«Stesi a terra con le pistole puntate»

Giovedì 8 Dicembre 2016
«Stesi a terra con le pistole puntate»
Rodigino sequestrato per tre ore dalle forze speciali della Polizia a Kiev. Una disavventura che resterà per sempre nella mente di Antonio Monesi, noto imprenditore polesano che martedì si trovava nella capitale ucraina. Quel che più ha spaventato il numero uno della Bellelli Engineering, che è riuscito a mantenere la calma nonostante la situazione critica, è che in un primo momento pensava di trovarsi nel bel mezzo di un attacco terroristico. Monesi si trovava assieme a due amici ucraini e a un algerino con passaporto francese in un ristorante di Kiev, il Shekavica, in una zona centrale della capitale, non in un quartiere periferico.
«Eravamo nel bar adiacente al locale dove avevamo consumato una piacevole cena, quando siamo stati letteralmente presi in ostaggio dalla polizia per circa tre ore, senza alcun motivo» racconta l'imprenditore.
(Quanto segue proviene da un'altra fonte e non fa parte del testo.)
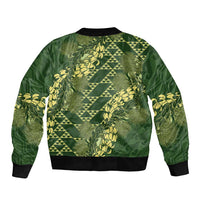 Green Aloha Hawaii Sleeve Zip Bomber Jacket Hawaiian Kakau Ohia Lehua Lei - Polynesian Pride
Il rodigino si trovava nel Paese dell'Est Europa da qualche giorno per motivi di lavoro, che spesso lo spingono all'estero per concludere importanti affari internazionali.
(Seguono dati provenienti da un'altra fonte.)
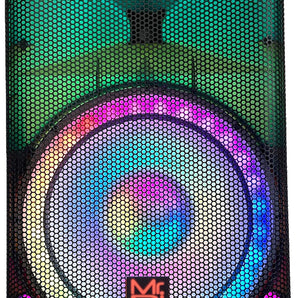 MR DJ 5200W Bluetooth PA Speaker with LED Party Lights, 3-Channel Mixer, High-Power 15-Inch Woofer for DJs & Parties, User-Friendly Design for Enthusiasts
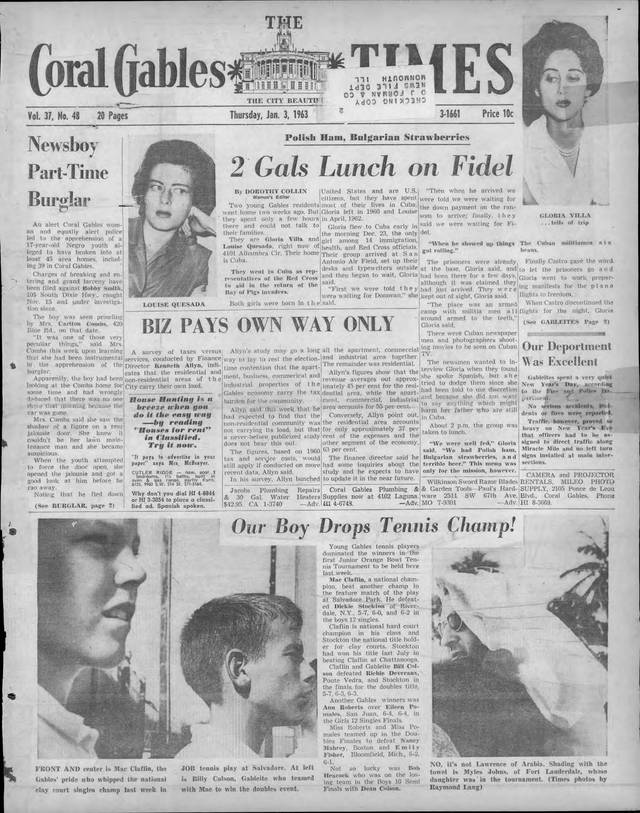 Coral Gables Times front page, 3 January 1963.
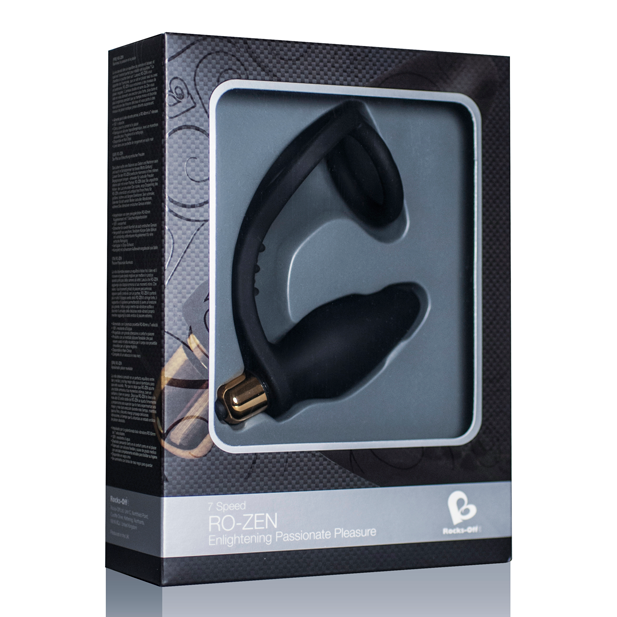 Stimolatore prostatico ROCKS-OFF RO-ZEN 7V con design ergonomico e superficie liscia, ideale per piacere e stimolazione.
«A un certo punto, mentre stavamo chiacchierando, sono entrati questi uomini completamente vestiti di nero, con il volto coperto da una specie di passamontagna che lasciava intravedere solamente gli occhi. Avevano le pistole puntate e hanno iniziato a urlare. Non conosco il russo, quindi non capivo cosa dicevano, ma ho visto che tutti gli altri avventori si distendevano a terra e così l'ho fatto anch'io».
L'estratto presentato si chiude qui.